The amount of data we collect is meaningless. Ask any major marketer and you’ll hear that despite our addiction to unbridled data collection, advertising effectiveness is generally believed to be at all-time lows.

Our ability to understand, interpret and utilize the data effectively is what counts. And with more heat from data privacy regulators, how we collect, store and treat individuals’ data is under scrutiny. As marketers, we must treat peoples’ data with due care and respect.

This will be a new competitive advantage.

If we had set out to create an advertising ecosystem that was a totally unsafe and wasteful fiasco, I’m not sure we could have done much better than our current data-obsessed online advertising model.

We know what happens when governments know everything about their citizens - when they follow us everywhere, track our every move, read our mail, listen in on our conversations, and keep secret files about us which can be used to influence our lives in ways that are only vaguely visible to us. Except this time it isn't our governments, it’s the marketing industry. In our pursuit of a 360-degree view of the customer, we are well on our way to a nightmare. J. Edgar Hoover would be proud. This is unprecedented and it’s hard to know where it leads. But it’s difficult to imagine that it leads anywhere good.

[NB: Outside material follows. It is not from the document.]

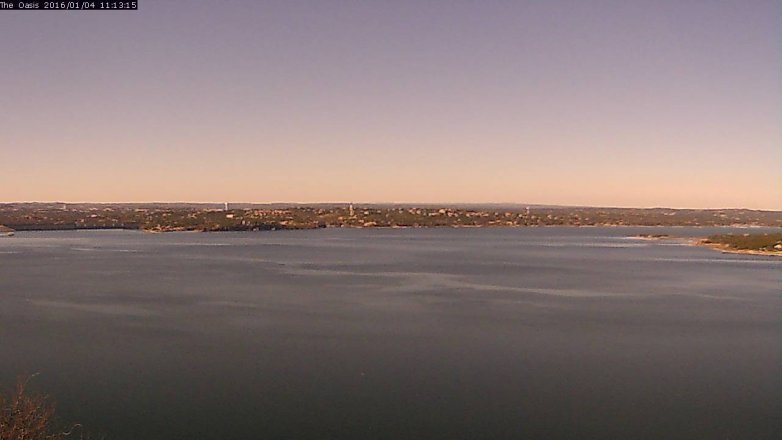 Lake Travis webcam, January 4, 2016 10:20 AM CT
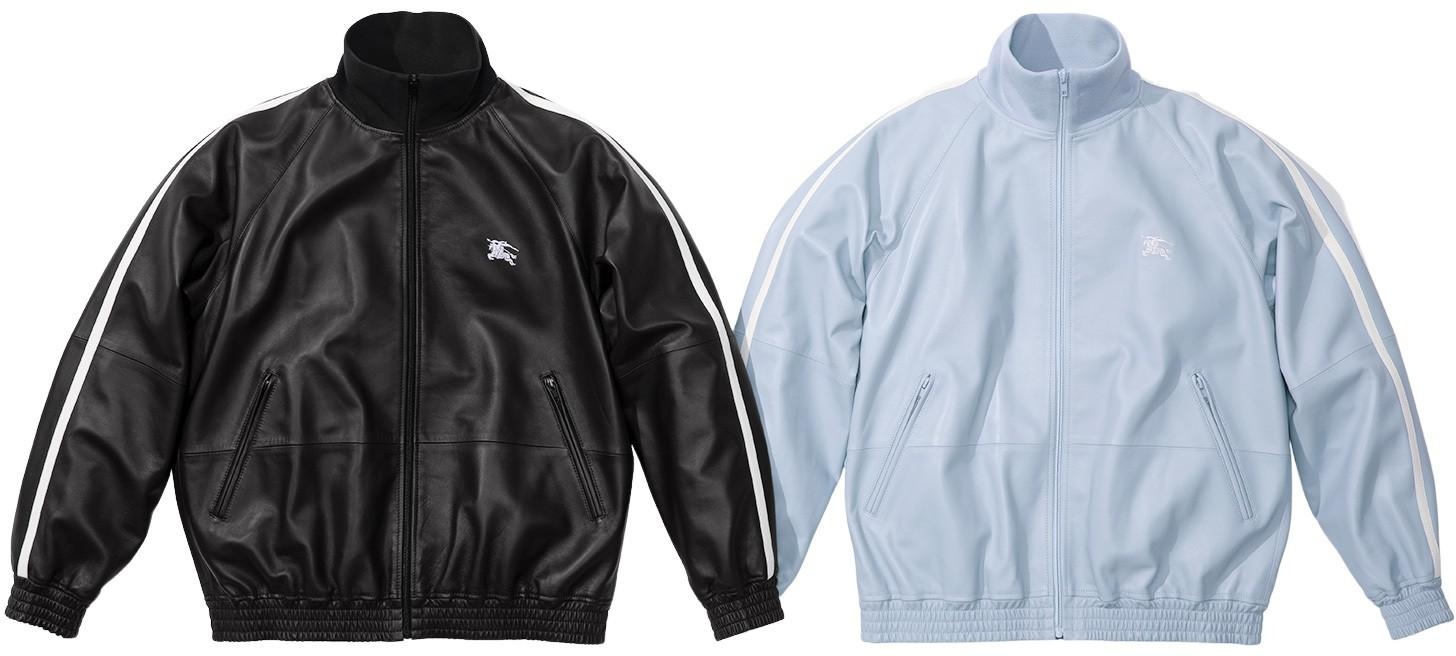 *Burberry exclusive* Supreme®/Burberry® Leather Track Jacket view 2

There is no benefit to marketers from collecting personal private data that comes anywhere near in importance to the privacy rights of individuals. Even Mark Zuckerberg who once said “privacy is no longer a public norm” has recently acknowledged the need for serious reform. Though his motives for this apparent pivot to privacy are highly questionable.

The current model of online advertising - based on tracking, surveillance, and massive data collection - is only 20 years old. But it is already far beyond its sell-by date. It is a ridiculous anachronism, born in a naive era of digital utopianism, and now absurdly outmoded, dangerous, and unsuited to its purpose.